* _Exercise data_
********

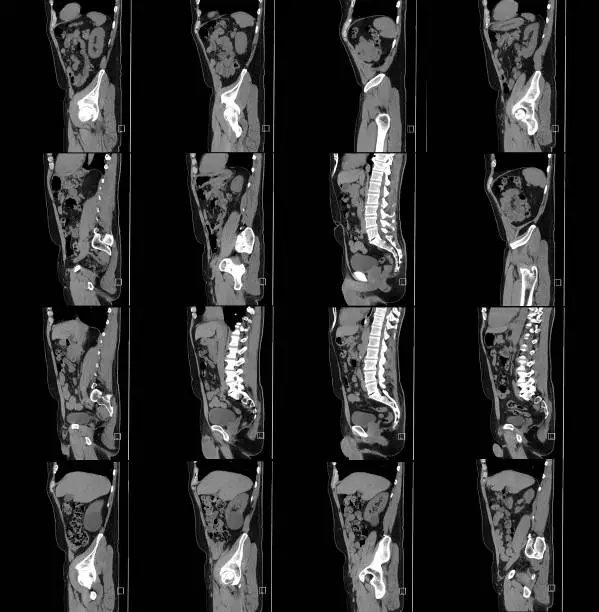 Photo of Abdomen Pelvis Cat Scan Side View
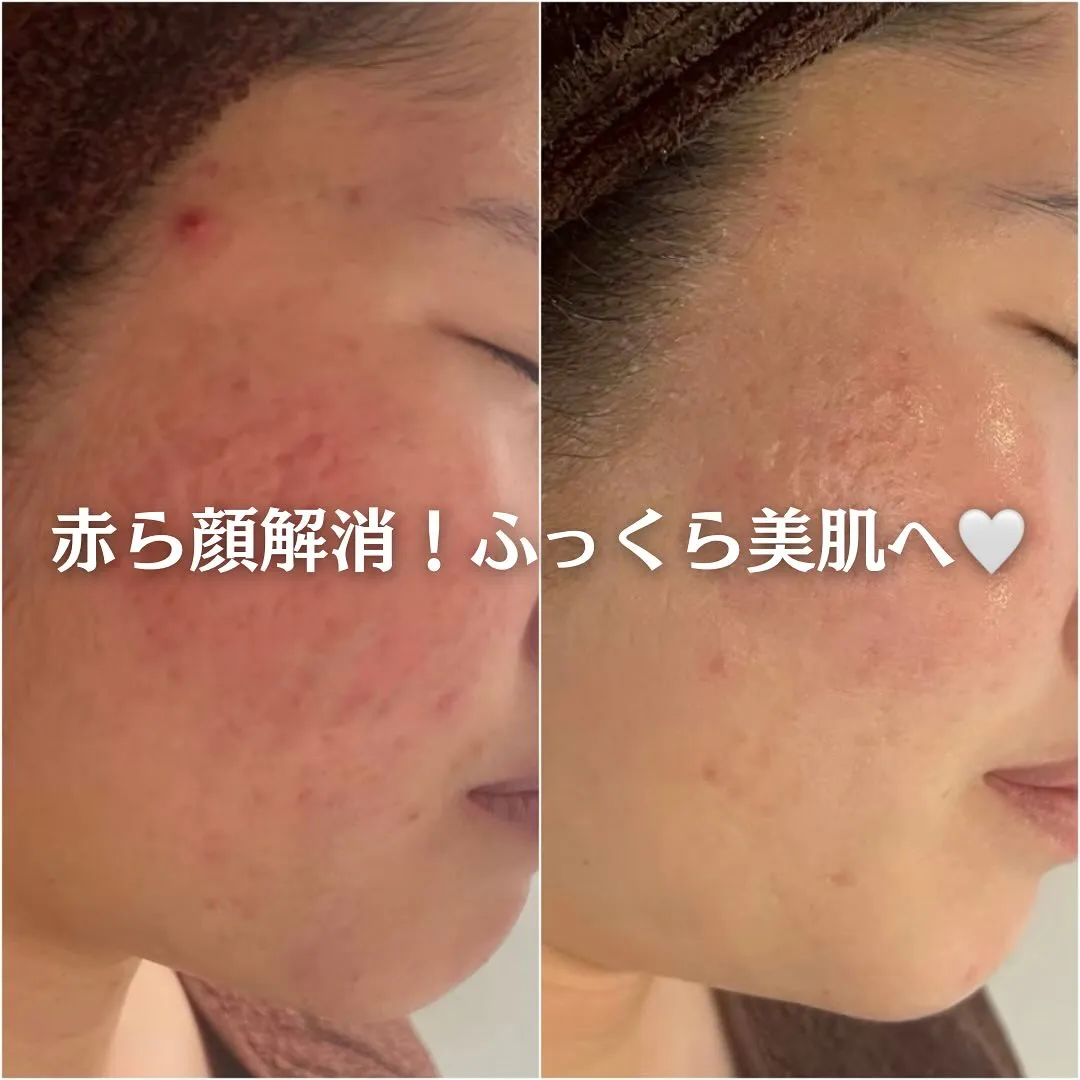 太田市にある頑固なニキビ専門店です✨️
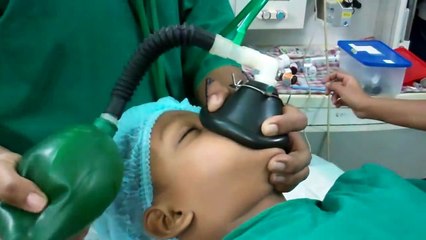 Adenoideo anestesia Dr. para amígdala Cirugía-intubación paulose frcs ent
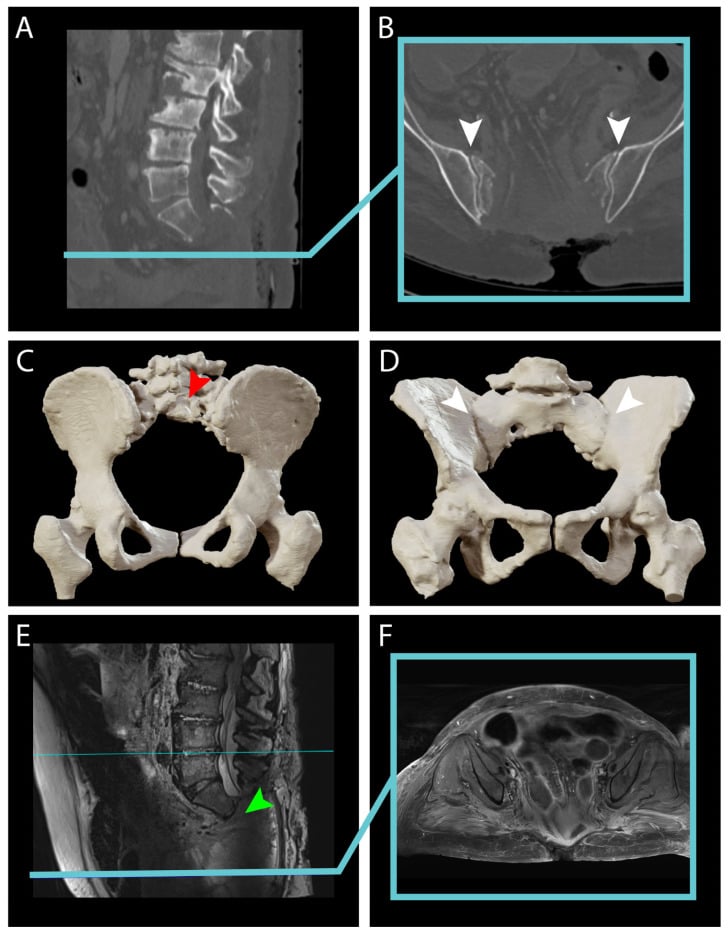 Postoperative CT, three-dimensional reconstruction and MRI after sacrectomy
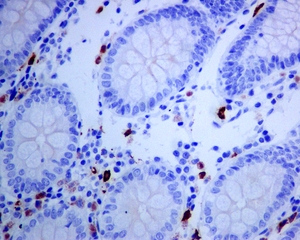 IHC of paraffin embedded human colon tissue using anti-LTK antibody.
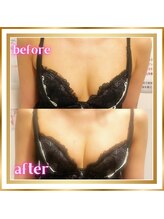 ジュエルリング(Jewel Ring)/バストアップ【恵比寿代官山】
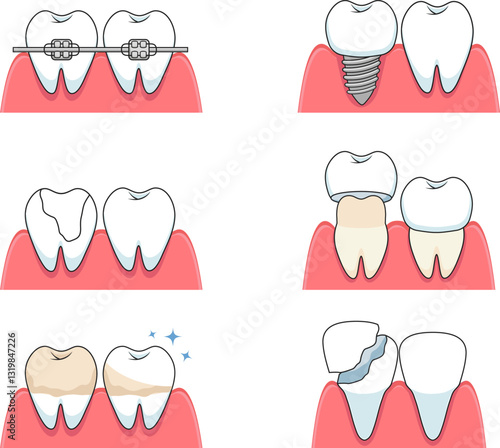 Dental treatment. Vector illustration of common dental procedures and care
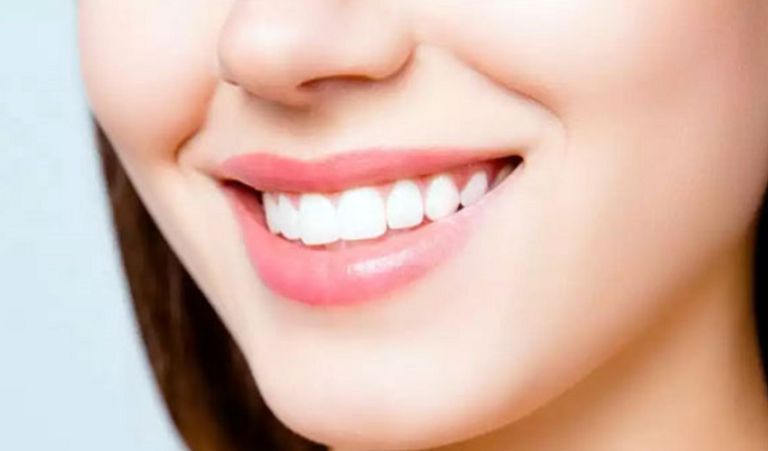 Trồng răng sứ cần áp dụng quy trình chuẩn nha khoa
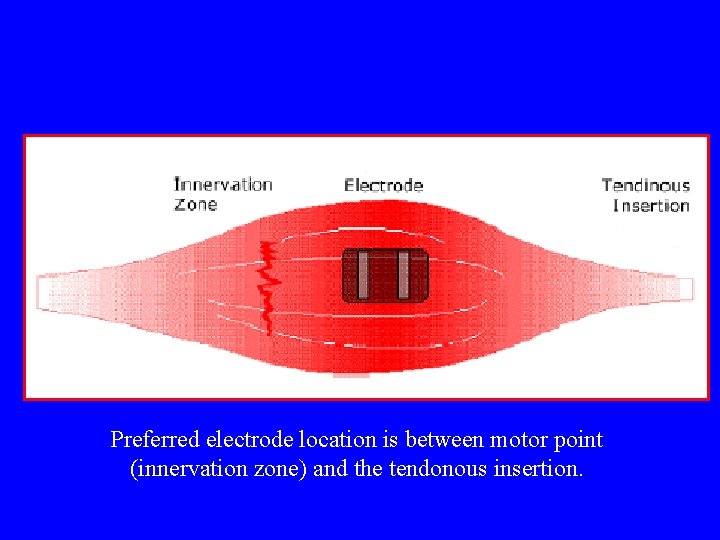 Preferred electrode location is between motor point (innervation zone) and the tendonous insertion. 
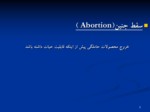 دانلود فایل پاورپوینت سقط جنین صفحه 2 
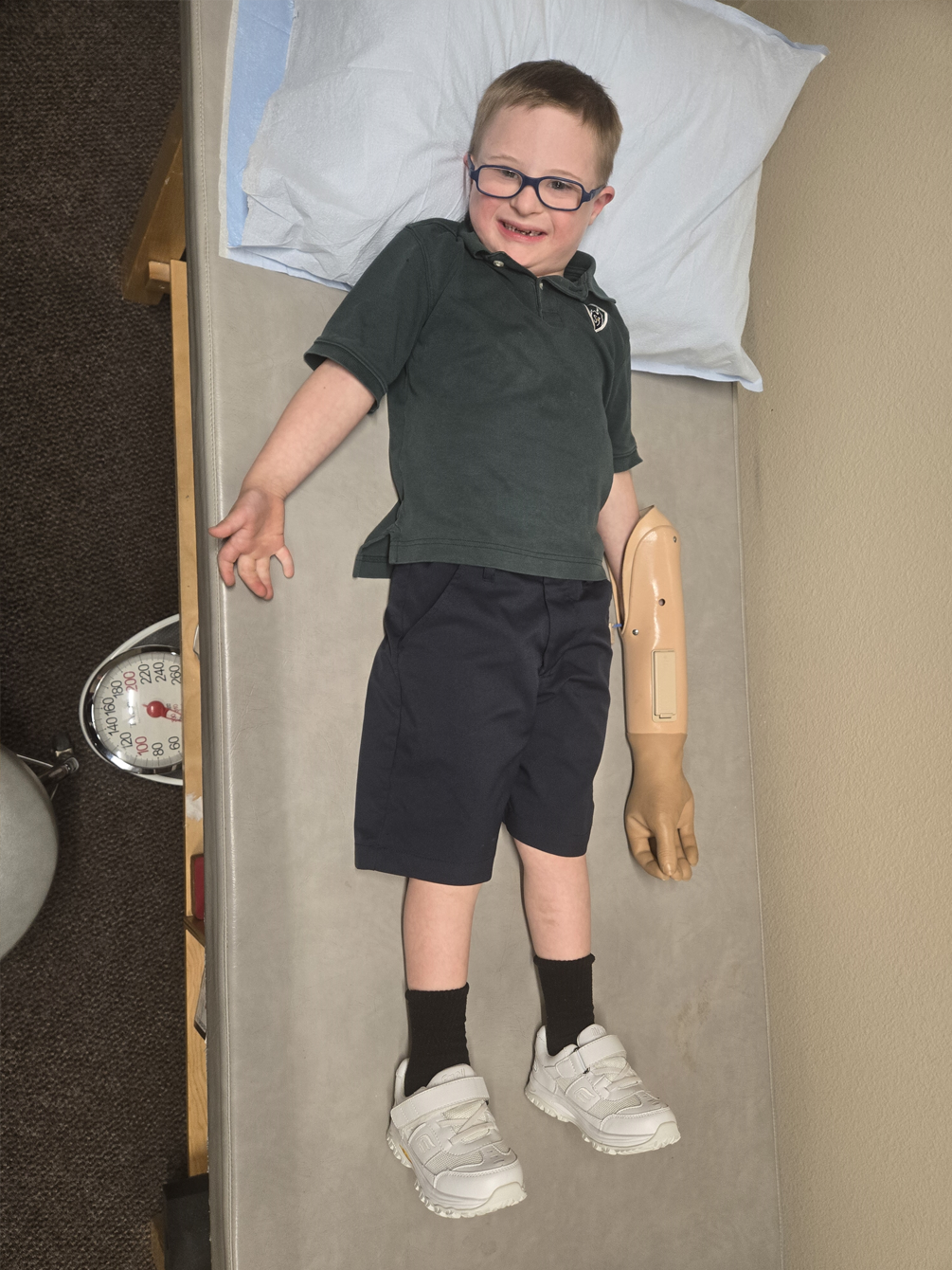 A young boy with a prosthetic arm is laying on a bed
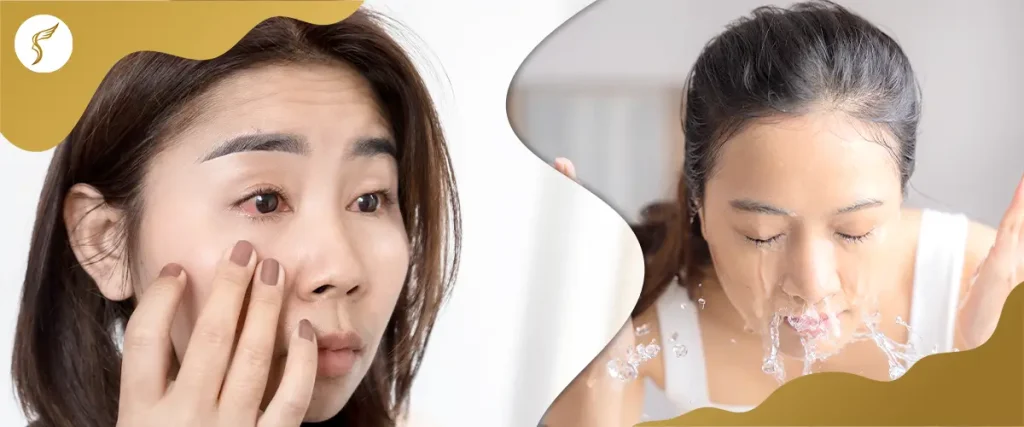 Woman with eye irritation touching her eyelid beside another woman washing her face, showing proper eye care and hygiene recommended by Shinagawa Lasik & Aesthetics.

********

* _Exercise_
The required output is the lines from the one containing "IHC of paraffin" through the end of the data, printed exactly, with no pictures.

* _Solution_
 IHC of paraffin embedded human colon tissue using anti-LTK antibody.
 ジュエルリング(Jewel Ring)/バストアップ【恵比寿代官山】
 Dental treatment. Vector illustration of common dental procedures and care
 Trồng răng sứ cần áp dụng quy trình chuẩn nha khoa
 Preferred electrode location is between motor point (innervation zone) and the tendonous insertion. 
 دانلود فایل پاورپوینت سقط جنین صفحه 2 
 A young boy with a prosthetic arm is laying on a bed
 Woman with eye irritation touching her eyelid beside another woman washing her face, showing proper eye care and hygiene recommended by Shinagawa Lasik & Aesthetics.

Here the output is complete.